> [EXERCISE DETAILS]
Repeat exactly, and only, the lines below starting at the line that contains "Next question is, which" and ending at the line that contains "Again, all of", inclusive of both.

> [DATA FOR THE TASK]
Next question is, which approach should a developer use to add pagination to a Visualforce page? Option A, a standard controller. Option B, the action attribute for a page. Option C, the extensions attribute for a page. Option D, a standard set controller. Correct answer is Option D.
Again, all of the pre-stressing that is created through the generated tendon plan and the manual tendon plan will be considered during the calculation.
---
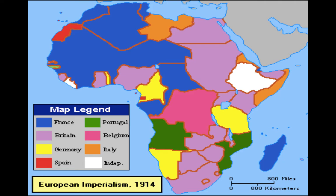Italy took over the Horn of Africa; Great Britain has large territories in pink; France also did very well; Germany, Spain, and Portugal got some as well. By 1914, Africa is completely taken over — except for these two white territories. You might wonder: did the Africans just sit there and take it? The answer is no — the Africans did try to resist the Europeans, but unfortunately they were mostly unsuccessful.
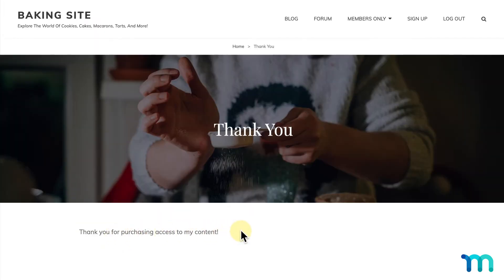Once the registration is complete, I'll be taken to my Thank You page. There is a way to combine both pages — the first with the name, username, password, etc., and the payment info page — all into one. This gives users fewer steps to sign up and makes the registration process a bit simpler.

> [RESULT FOR THIS TASK]
Next question is, which approach should a developer use to add pagination to a Visualforce page? Option A, a standard controller. Option B, the action attribute for a page. Option C, the extensions attribute for a page. Option D, a standard set controller. Correct answer is Option D.
Again, all of the pre-stressing that is created through the generated tendon plan and the manual tendon plan will be considered during the calculation.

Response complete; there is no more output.